• _DATA_
------------------------------------------------------------

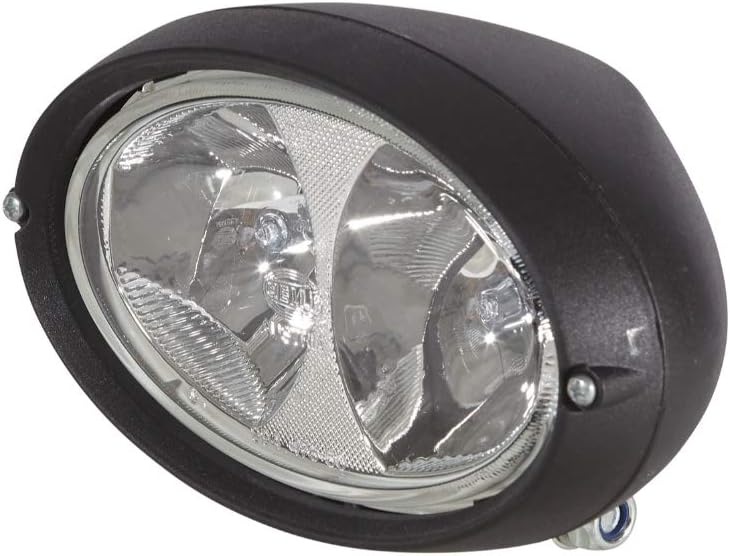 HELLA - Halogen-Arbeitsscheinwerfer - Oval 100 - 24V - Anbau/geschraubt - stehend/schwenkbarer Monta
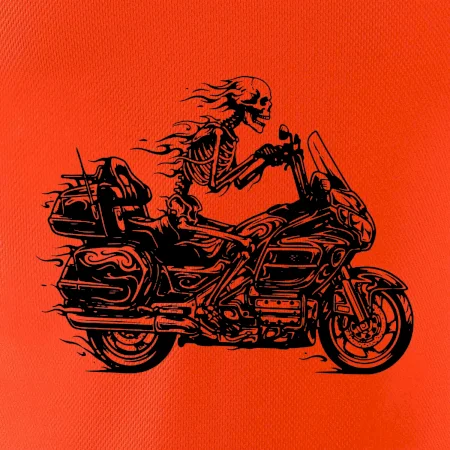 Cestovní motorka kostra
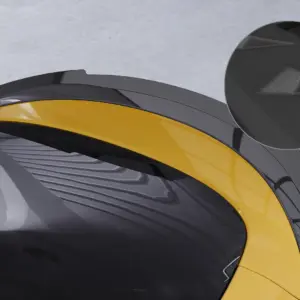 CSR rear spoiler for Toyota GR Supra (A90)
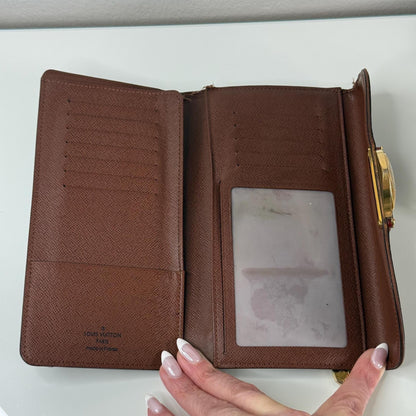 Louis Vuitton Monogram Eugene Long Wallet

------------------------------------------------------------

• _ABOUT THIS TASK_
Hand back exactly the lines from the one with "CSR rear spoiler for Toyota GR Supra (A90)" through the last line of the data above, both ends included, with every picture left out.

• _RESPONSE TO THIS EXERCISE_
 CSR rear spoiler for Toyota GR Supra (A90)
 Louis Vuitton Monogram Eugene Long Wallet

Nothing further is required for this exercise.